Six of the 34 anti-Trump candidates are running for seats in the Senate. They include Sen. John McCain of Arizona and Sen. Rob Portman of Ohio, who are locked in tight races to retain their seats but have taken a slight edge in the polls.

In July 2015, Trump, giving rise to one of the first controversies of his campaign, said that McCain, the 2008 Republican presidential nominee and a Vietnam veteran who spent over five years as a prisoner of war, was “not a war hero” and that he likes people “who weren’t captured.”

Of the other Republican Senate candidates opposed to Trump, Sen. Kelly Ayotte of New Hampshire and Joe Heck, running to replace Democratic Sen. Harry Reid in Nevada, find themselves in races rated as toss-ups. Sen. Mark Kirk of Illinois, an outspoken critic of Trump, is facing a stiff challenge from Rep. Tammy Duckworth. Their state is rated as leaning Democratic.

Sen. Mike Lee of Utah is the only Republican in a safe race who has voiced his intention not to vote for the New York real estate mogul. Both Sen. Mike Crapo of Idaho, whose seat is also rated "Solid Republican" and Sen. Deb Fischer of Nebraska, who is not up for reelection, recently reversed their position. The two flip-flopped and pledged a ballot for Trump after rescinding their support earlier in the month.

In House of Representatives races, candidates’ stances on Trump appear to be directly tied to the competitiveness of their districts. Of the 10 Republican incumbents running for re-election in congressional districts rated as toss-ups by ABC News, seven have pledged not to vote for Trump.

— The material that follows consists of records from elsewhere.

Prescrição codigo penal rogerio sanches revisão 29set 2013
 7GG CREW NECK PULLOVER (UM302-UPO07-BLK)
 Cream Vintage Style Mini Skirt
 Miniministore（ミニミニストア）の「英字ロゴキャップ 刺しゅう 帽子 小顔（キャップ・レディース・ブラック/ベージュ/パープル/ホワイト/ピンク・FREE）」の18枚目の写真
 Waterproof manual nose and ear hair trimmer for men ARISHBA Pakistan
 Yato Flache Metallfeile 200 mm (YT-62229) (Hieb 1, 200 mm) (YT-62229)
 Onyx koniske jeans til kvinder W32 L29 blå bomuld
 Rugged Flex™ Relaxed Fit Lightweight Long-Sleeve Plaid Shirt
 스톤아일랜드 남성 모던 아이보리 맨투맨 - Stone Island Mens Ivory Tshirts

Each of the seven races looked competitive before the candidates disavowed support for their party’s presidential nominee, indicating that a rebuke of Trump was not the cause of the representative’s electoral trouble but perhaps a way to attract votes from independents and across party lines.

The majority of the seven races feature first-term representatives who benefited from Republicans’ strong showing in the 2014 midterm elections, as well as Rep. Scott Garrett of New Jersey, a seven-term congressman whose state appears increasingly likely to back Democrat Hillary Clinton at the top of the ballot by a wide margin.

As for other representatives who have turned away from Trump, the two best known are from Utah, whose large Mormon population has expressed widespread disapproval of him. Rep. Jason Chaffetz, the chairman of the House Committee on Oversight and Government Reform, whose 3rd Congressional District is safe, and Rep. Mia Love of Utah’s 4th Congressional District — rated leaning Republican by ABC News — both Mormons, have said they will not vote for Trump.

They join Lee, one of their state’s U.S. senators, as well as Utah Gov. Gary Herbert, in pledging not to vote for Trump. Utah is rated by ABC News as a toss-up in the presidential race ratings.